Para sostener un film como estos, se precisa que la pareja protagónica posea dos virtudes: carisma individual y química en el vínculo que establezcan. Washington y Wahlberg cumplen con creces esas metas. El primero ya es a esta altura especialista en hacer de tipos complejos en sus comportamientos, rudos, en extremo profesionales, con dosis precisas de masculinidad (coqueteando también con el machismo e incluso la misoginia, pero sin caer en lo burdo, incluso problematizando esas nociones). De hecho, si se repasa buena parte de su filmografía, entre la que podemos destacar a El demonio vestido de azul, Asesino virtual, Poseídos, Día de entrenamiento, El plan perfecto, Deja vú, Gángster americano y Protegiendo al enemigo, se puede ver cómo ha ido enarbolando toda una visión sobre la ley: sus contextos, visiones, sujetos, sus formas de aplicarla o romperla.
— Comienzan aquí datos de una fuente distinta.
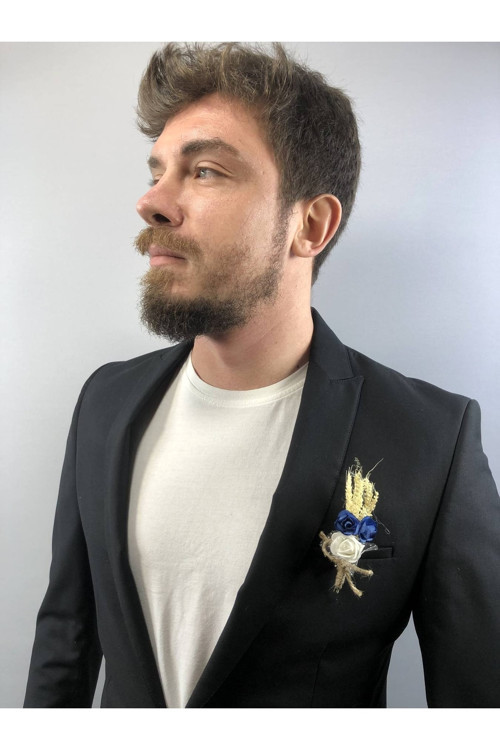 Yapay Çiçek Mavi Beyaz Kağıt Çiçekli Damat Yaka Çiçeği 5 Adet – Yapay Çiçek Dekor, Masa Süsü, Fon –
El segundo ha sabido apartarse rápidamente del rol de galancito (de hecho, ya lo puso en crisis en Boogie nights), burlándose incluso de su físico y adaptándolo tanto al policial como a la comedia, hasta combinando ambas vertientes. Además, es en extremo ágil para los diálogos (en Ted alcanza la excelencia en este ítem) y se mueve en la pantalla con una naturalidad llamativa, como si no estuviera actuando. Del mismo modo, a pesar del estatuto de estrella que tiene cada uno, supieron en Dos armas letales complementarse con eficacia, sin pisarse en absoluto.
El director islandés Baltasar Kormákur, realizador de Invierno caliente y que venía de realizar la mediocre Contrabando (también con Wahlberg), es lo suficientemente astuto como para darse cuenta que no importa tanto la credibilidad de la trama (por momentos demasiado enredada) sino el ritmo con que se la cuente y va a lo seguro, apoyándose en el desempeño no sólo de los dos actores principales, sino además en el resto del reparto: Paula Patton, James Marsden y Edward James Olmos están perfectos, pero el que se lleva todas las palmas es Bill Paxton, encarnando a un villano tan coherente como despreciable.
Con su estilo seco y directo, sin concesiones ni demasiadas vueltas de tuerca morales, Dos armas letales es como un viaje en el tiempo hacia las dos últimas décadas del siglo pasado, que se disfruta sin culpas, aunque nunca pasa de la medianía. Tampoco lo intenta, porque es consciente de que le basta con lo que dispone y su honestidad es irreprochable.